With less then a week before his execution, Gale’s lawyer, Braxton Belyeu (Leon Rippy), contacts journalist Bitsey Bloom (Kate Winslet) to inform her that Gale is willing to give her three two-hour interviews for half a million dollars. Bitsey, with her magazine’s hesitant backing, jumps on the exclusive interview, in which she hopes to snag the story of her life.

Bitsey heads to Texas with intern Zack (Gabriel Mann), fully believing that Gale is guilty of rape and murder.

Most of the story is told in flashbacks over the three days of interviewing. The audience is not shown a pretty picture of Gale: he’s a drunk, he’s cocky and his wife is cheating on him with a Spanish lover. He only has two relationships in the movie that I can say put his character in a positive light – his relationship with his friend, Constance, and his relationship with his son.

Gale has sex with an ex-graduate student, Berlin (Rhona Mitra) at a party where both professors and students get drunk. Gale is then accused of rape, until Berlin drops all the charges and heads out of town. It is here that Gale’s life begins to deteriorate.

He loses his job at the university and no other school is interested in hiring an accused rapist.
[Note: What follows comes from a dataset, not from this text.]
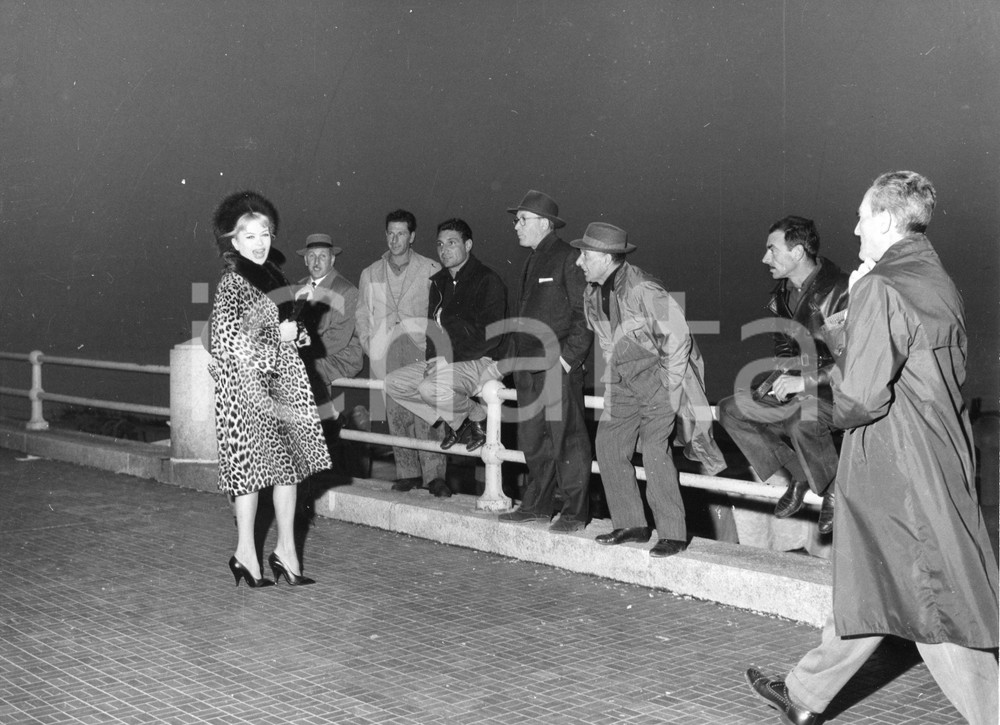 1961 GENOVA Attrice trans COCCINELLE Jacqueline DUFRESNOY sul lungomare (2) Foto 1961Fotografia vintage rara d'epoca, che ritrae la celebre attrice e ballerina Coccinelle, pseudonimo di Jacqueline-Charlotte Dufresnoy, nata Jacques Charles Dufresnoy.Timbro archivio Publifoto Genova al verso.FORMATO: 24x18 cm CONDIZIONI: GICHARTA mette in vendita le stampe vintage della collezione Publifoto Genova, per la maggior parte inedita o in tiratura di pochi esemplari. Si tratta di un'ottima opportunit&agrave; di investimento per i collezionisti di fotografie d'epoca.    originale e autentica 1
On top of this, his wife and child leave him and move to Spain, where she uses his labeling as a rapist and his drunken past as a means to win custody of their child.

Gale begins to lose it all, and it is in this moment that he even loses his association with Death Watch. When accused, Gale swears he did not kill or rape his good friend, Constance, and he believes he is being set up by right-wing politicians, who want to stop his powerful voice in the local media.

The rest of the story revolves around ironies, hidden tapes that are given to Bitsey that point her towards the truth of the story and a cliffhanger ending that this reviewer refuses to disclose.

I can tell you that this movie is too contrived because I could predict most of what was happening before it happened and I’m usually really bad at that. Instead of making an intelligent movie that left the value of capital punishment open-ended for the viewers to contemplate, “The Life of David Gale” was too quick to assume that capital punishment is wrong.

I think what bothered me the most was that this movie had a lot of potential. I am a huge fan of both Kevin Spacey and Kate Winslet, and both were excellent in their respective roles.

I didn’t like some of the portrayals of women in this movie, and I found it interesting that this film chose to make a statement surrounding a white man’s execution when mostly minorities are executed in Texas.

Bottom Line: I’m still against the death penalty, but I’m also against seeing this movie.